Comparing different CT, PET and MRI multi-modality image combinations for deep learning-based head and neck tumor segmentation

Authors Ren J, Eriksen JG, Nijkamp J, Korreman SS

Source Acta Oncol . 2021 Nov;60(11):1399-1406 Publicationdate 15 Jul 2021

Abstract

Background: Manual delineation of gross tumor volume (GTV) is essential for radiotherapy treatment planning, but it is time-consuming and suffers inter-observer variability (IOV). In clinics, CT, PET, and MRI are used to inform delineation accuracy due to their different complementary characteristics. This study aimed to investigate deep learning to assist GTV delineation in head and neck squamous cell carcinoma (HNSCC) by comparing various modality combinations.
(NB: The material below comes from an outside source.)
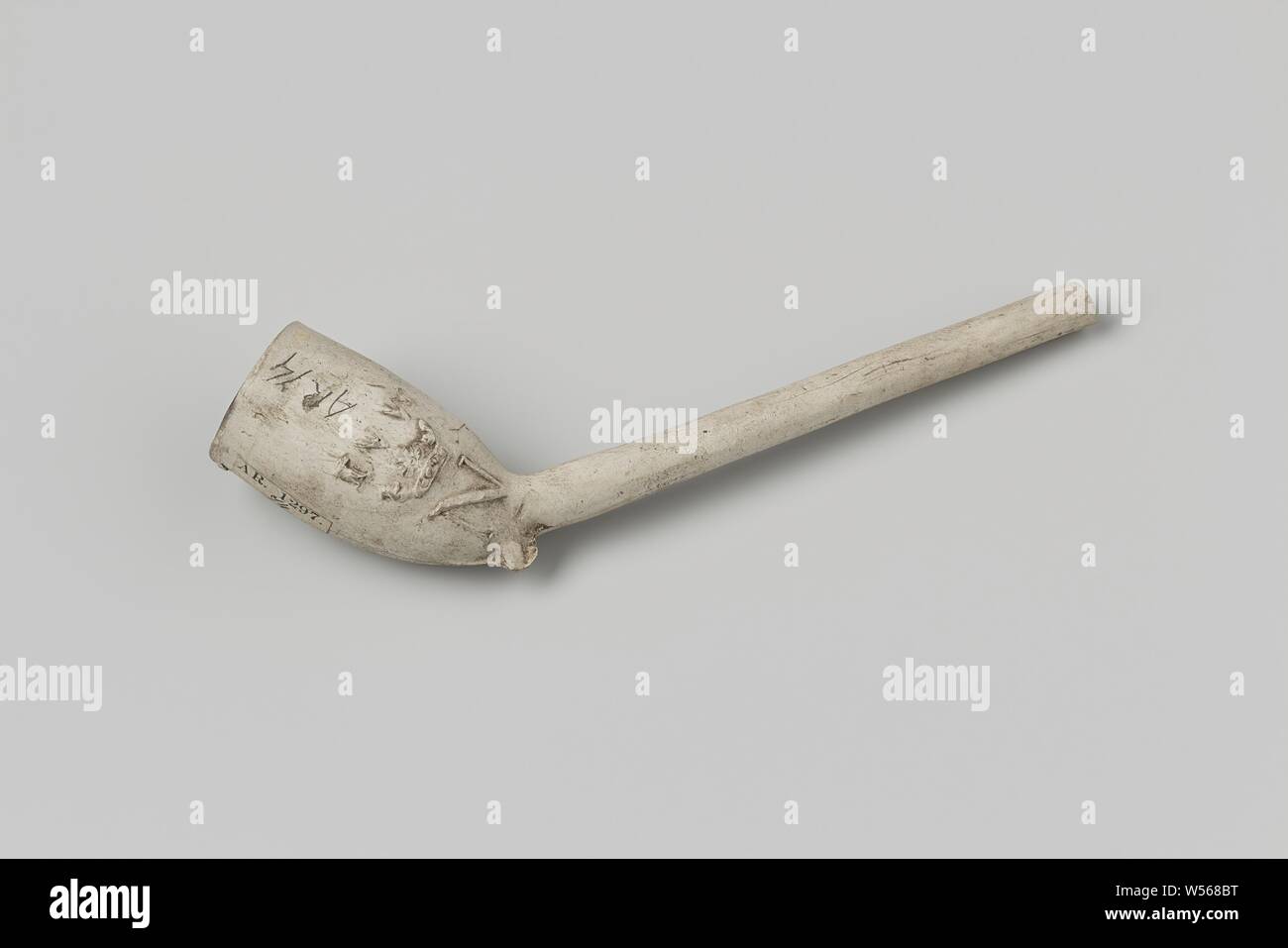 Frammento di tubazione di tabacco, Frammento di tubazione di tabacco con una corona e le lettere I V W e n mostrato. Dagli scavi a Hofstede Arentsburg 1827-1831 sotto la supervisione del professor Reuvens., anonimo, c. 1400 - c. 1950, il tubo di argilla, l 4.0 cm × w 2,0 cm l 11,6 cm Foto Stock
Materials and methods: This retrospective study had 153 patients with multiple sites of HNSCC including their planning CT, PET, and MRI (T1-weighted and T2-weighted). Clinical delineations of gross tumor volume (GTV-T) and involved lymph nodes (GTV-N) were collected as the ground truth. The dataset was randomly divided into 92 patients for training, 31 for validation, and 30 for testing. We applied a residual 3 D UNet as the deep learning architecture. We independently trained the UNet with four different modality combinations (CT-PET-MRI, CT-MRI, CT-PET, and PET-MRI). Additionally, analogical to post-processing, an average fusion of three bi-modality combinations (CT-PET, CT-MRI, and PET-MRI) was produced as an ensemble. Segmentation accuracy was evaluated on the test set, using Dice similarity coefficient (Dice), Hausdorff Distance 95 percentile (HD95), and Mean Surface Distance (MSD).
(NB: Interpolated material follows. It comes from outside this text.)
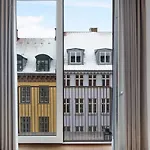 Sanders Monarch - Charming One-Bedroom Apartment With Two Balconies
Results: All imaging combinations including PET provided similar average scores in range of Dice: 0.72-0.74, HD95: 8.8-9.5 mm, MSD: 2.6-2.8 mm. Only CT-MRI had a lower score with Dice: 0.58, HD95: 12.9 mm, MSD: 3.7 mm. The average of three bi-modality combinations reached Dice: 0.74, HD95: 7.9 mm, MSD: 2.4 mm.
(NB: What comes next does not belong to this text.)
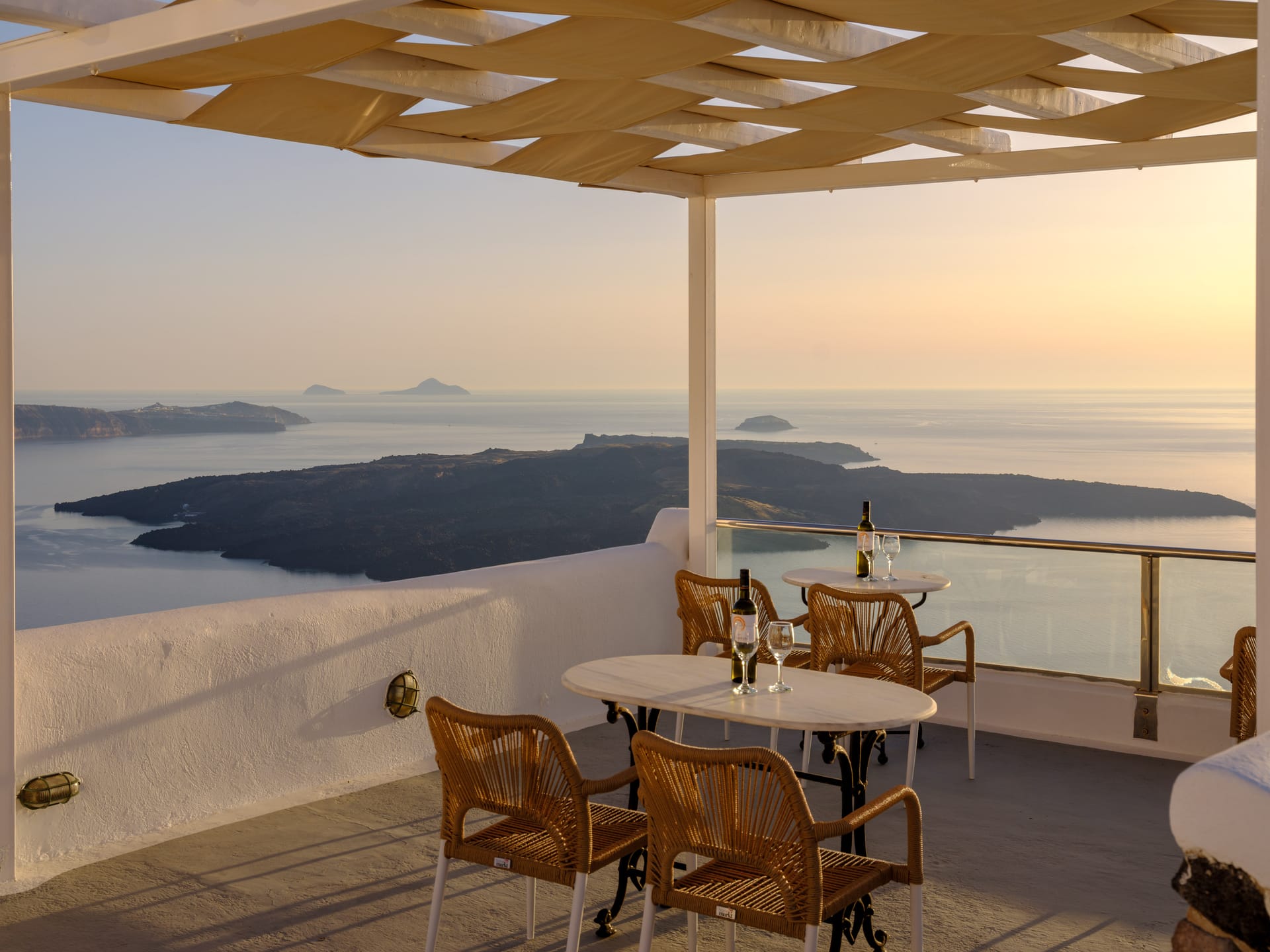 Vallas Apartments & Villas Santorini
Conclusion: Multimodal deep learning-based auto segmentation of HNSCC GTV was demonstrated and inclusion of the PET image was shown to be crucial. Training on combined MRI, PET, and CT data provided limited improvements over CT-PET and PET-MRI. However, when combining three bimodal trained networks into an ensemble, promising improvements were shown.

Keywords: CNN; Deep learning; GTV; UNet; auto-segmentation; head and neck cancer.